I do find it weird that in naval combat characters are still surprised when an enemy fleet pops out of a pirate point.
The concept of a pirate point (IIRC) is derived from the gravity of planets (and other objects) shifting due to ya know drift and rotations around the sun and whatnot. This opens up windows of time where you can jump in and not be ripped apart, or smash into a planet.
Well I mean we can calculate rotations of planets around the sun in today’s technology and I’m pretty sure they were able to do it a long time ago as well. So imagine in the year 3152 (1,000 plus years!) we would have had a LOT of date to extrapolate on how the planets move and therefore ‘seasonal’ pirate points based on that could ‘theoretically’ be VERY easy to calculate.
Obviously not everyone would be perfect but you would assume that large interstellar empires would keep lists of these points around their most important worlds to protect them and at least have a satellite or two aimed in that direction (along with a gun or two). ESPECIALLY worlds settled early in BT History.
ANYWAYS in regards to the original topic: fleet recon in 2776 versus 3152 is obviously different based on available technology and craft. The SLDF could afford to recon with a light Warship squadron or half a dozen Bug surveillance vessels while Alaric Ward can recon with Jumpships or Sea Fox intel. HPG’s obviously help with instant communication but in a time frame like the FedCom Civil War you have to be wary of ComStar (even if they claim they are neutral).
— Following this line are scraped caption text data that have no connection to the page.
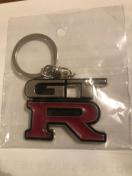 GTR L[z_[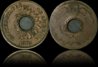 1876 cent holed.jpg
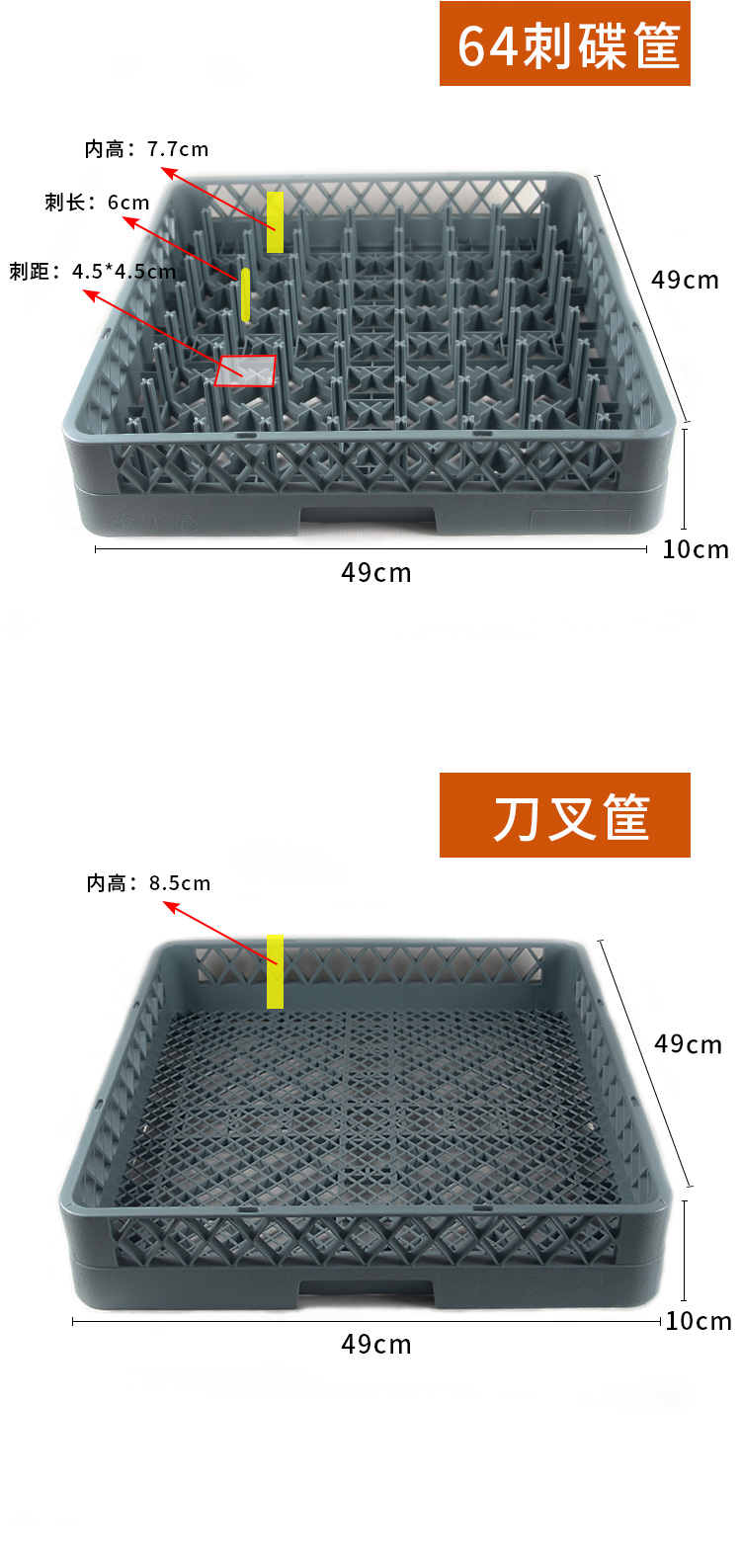 1b10960a260ad948.jpg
A good example of real time intel is the First Succession War and the Battle of Cholame where the Fed Suns had HPG’s on their command ships and they were able to change orders before half the fleet jumped.
Just my two cents
remember these large INTERSTELLAR empires contain large COMMERCIAL empires-for whom, short-cuts in routing and delivery would be valuable enough that even if the central government wasn't keeping the record, it's worth the investment to do so for the private sector.
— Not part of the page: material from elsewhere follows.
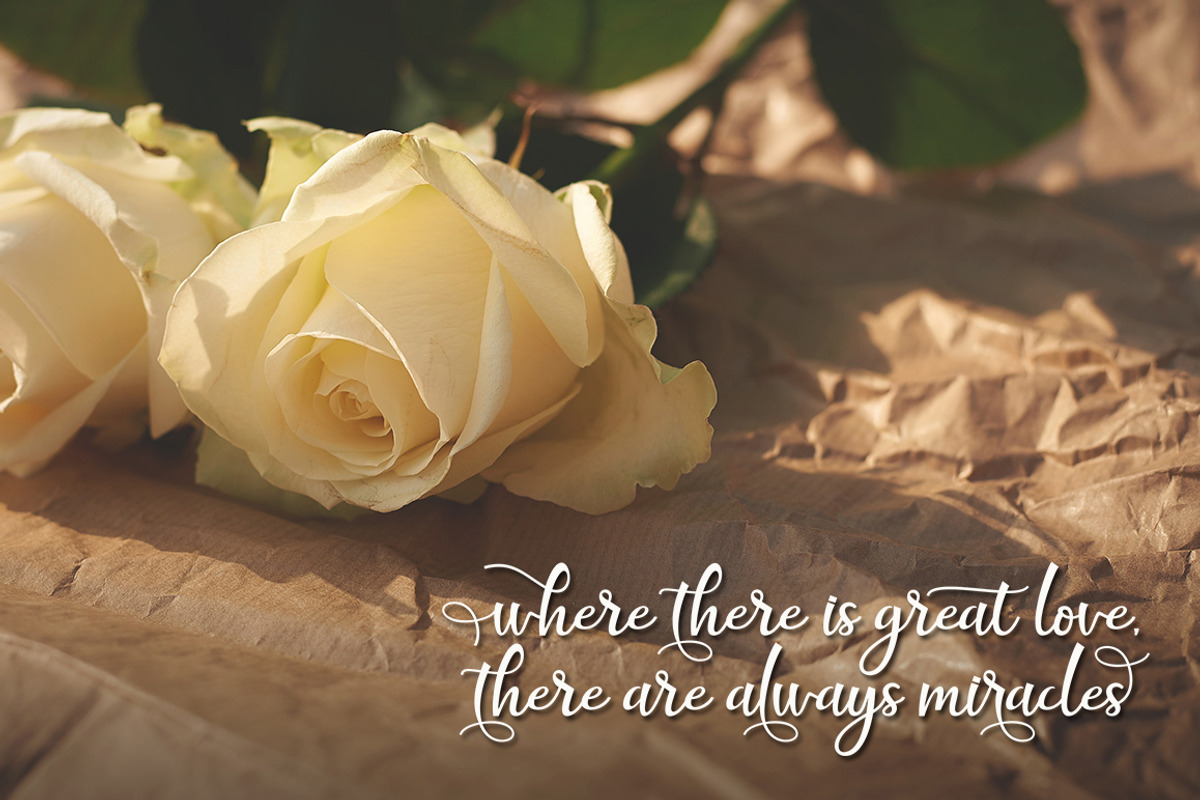 Fantabulous, a Script Font by Akifatype. (Photo 4 of 6)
The money, after all, isn't made by what you're HOLDING in your hold, it's made at two points:
1. where the goods are loaded on
2. where the goods are off-loaded.
the faster you can get goods from 1, to 2, the more money you're going to make, all other factors being equal. Especially if you're also reducing fuel and consumable usage, because merchies have to
pay for all that stuff out of pocket.
Reliable 'tide tables' for your major shipping hubs ends up being worth a LOT-enough that even if the government didn't think the idea's good, (for whatever reasons) the shipping associations, merchant captains, and their corporate clients WOULD pay for that. Cutting a two week transit at one gee down to a few hours is worth BIG MONEY.